I suspect this because you specified the wrong hostnames.
Here is one thing you should know, the list of available mongo instances does not come from your connection string, it comes from the return result of the first available mongo instance. For example, when a driver interacts with an instance of mongo1, it gets a list of available instances, which you can get with the following command:
rs.status()
in my laptop it returns something like this:
{ "set" : "rs0", "date" : ISODate("2014-01-27T06:43:11Z"), "myState" : 1, "members" : [ { "_id" : 0, "name" : "YX-ARCH:27017", "health" : 1, "state" : 1, "stateStr" : "PRIMARY", "uptime" : 15894, "optime" : Timestamp(1390804960, 1), "optimeDate" : ISODate("2014-01-27T06:42:40Z"), "self" : true }, { "_id" : 1, "name" : "YX-ARCH:27011", "health" : 1, "state" : 2, "stateStr" : "SECONDARY", "uptime" : 31, "optime" : Timestamp(1390804960, 1), "optimeDate" : ISODate("2014-01-27T06:42:40Z"), "lastHeartbeat" : ISODate("2014-01-27T06:43:10Z"), "lastHeartbeatRecv" : ISODate("2014-01-27T06:43:10Z"), "pingMs" : 0, "syncingTo" : "YX-ARCH:27017" } ], "ok" : 1 }
This means that there are two instances of YX-ARCH: 27017 (primary) and YX-ARCH: 27011 (secondary).
Now the point is that these host names must be resolvable on your IIS server, because your driver will use these addresses to connect to mongo instances.
Thus, if the host name is resolved for Internet IP, while your mongo service is only available on the intranet, you can never connect to it.
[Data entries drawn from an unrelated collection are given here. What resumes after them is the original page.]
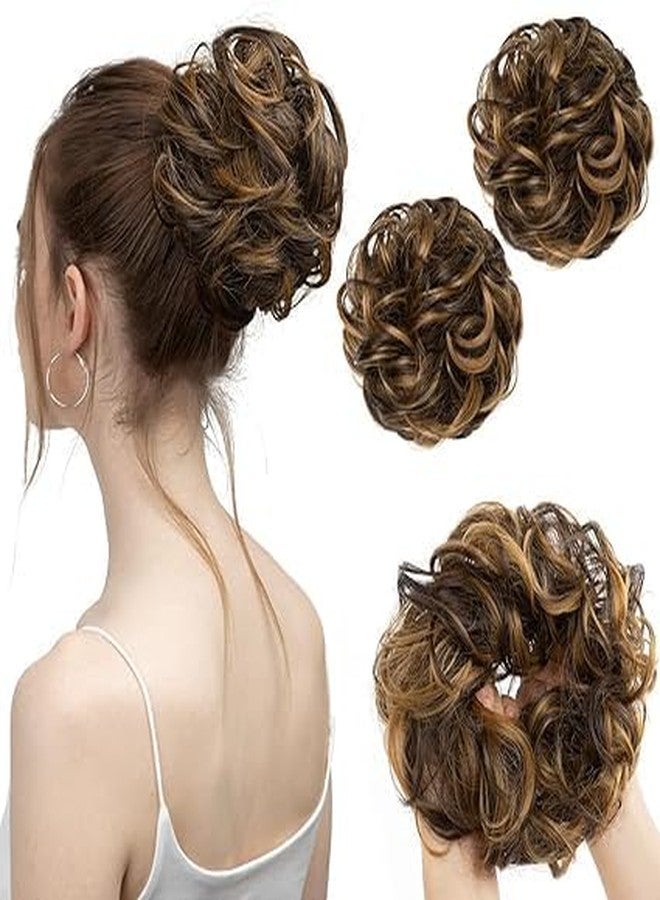 TrendyTrolley Large Messy Bun (45 GR) | Hair Piece Wavy Curly Scrunchies Synthetic Ponytail Hair Extensions | Thick Updo Hairpieces for Women | Highlighted Messy Bun for Women & Girls - Image 1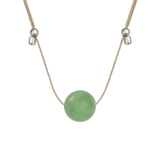 Crystal Ball Silk Slider - 10mm Gemstone Necklace - Green Aventurine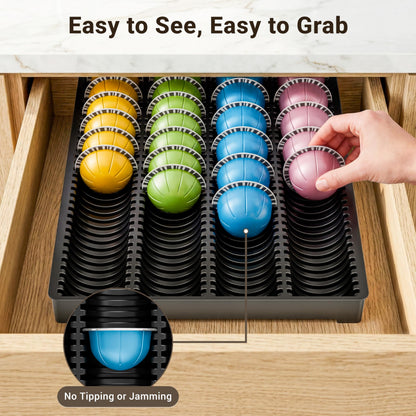 EVERIE Drawer Coffee Pod Organizer for Vertuo Capsules – Holds Up to 40 Large or 52 Small Pods, Space-Saving Insert Tray, Fits Kitchen Cabinets, 15.4" x 10.2" x 1.2"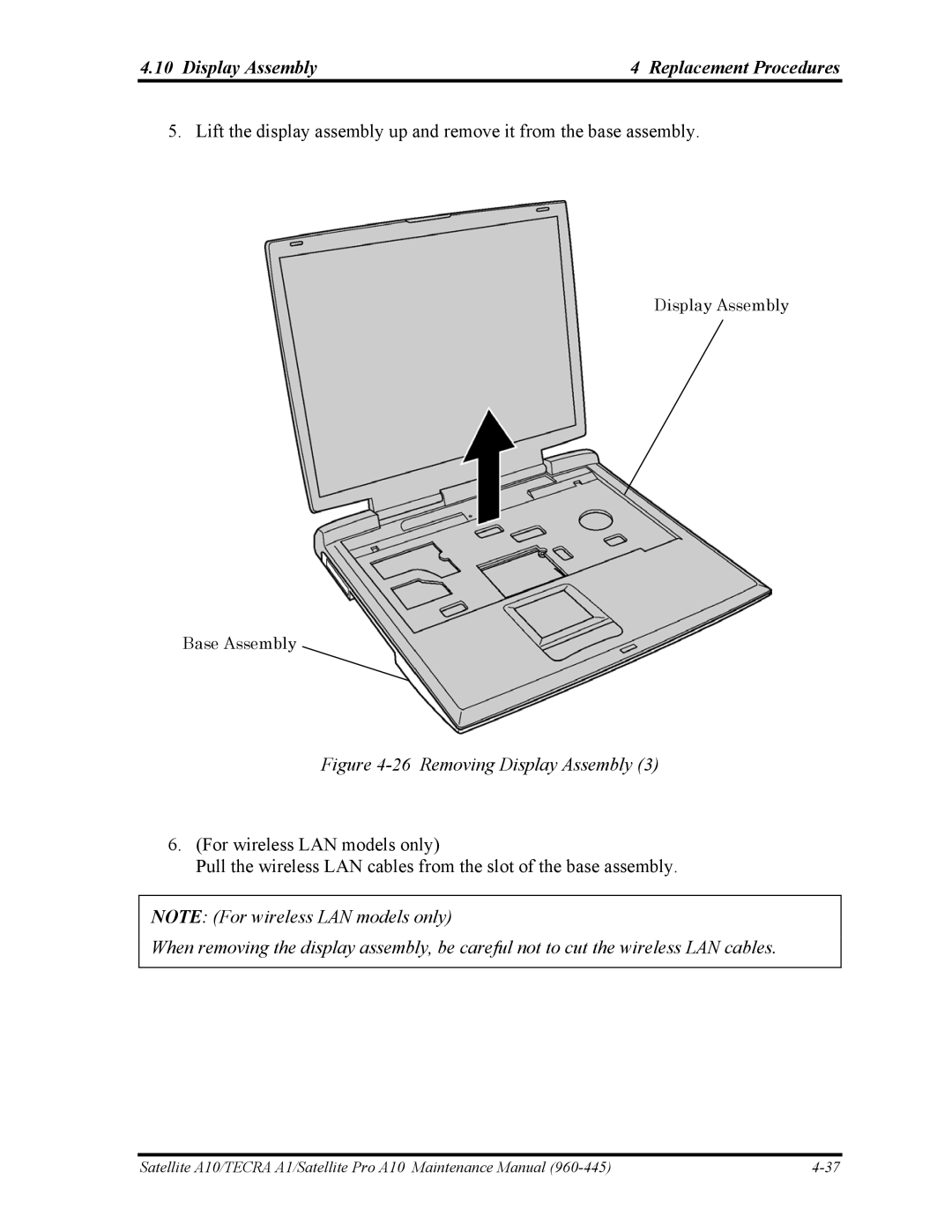 Toshiba A10 manual Removing Display Assembly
And you will get the error above.
One more thing: it is not recommended to create a new instance of MongoClient each time. From the document, you can know this is a thread-safe class. And MongoClient is added to the driver for managing a set of replicas. Therefore, in my opinion, you should keep it in a single copy of the object. Since every time you create a new instance, it tries to get replica set settings from one instance, which is not very good for efficiency.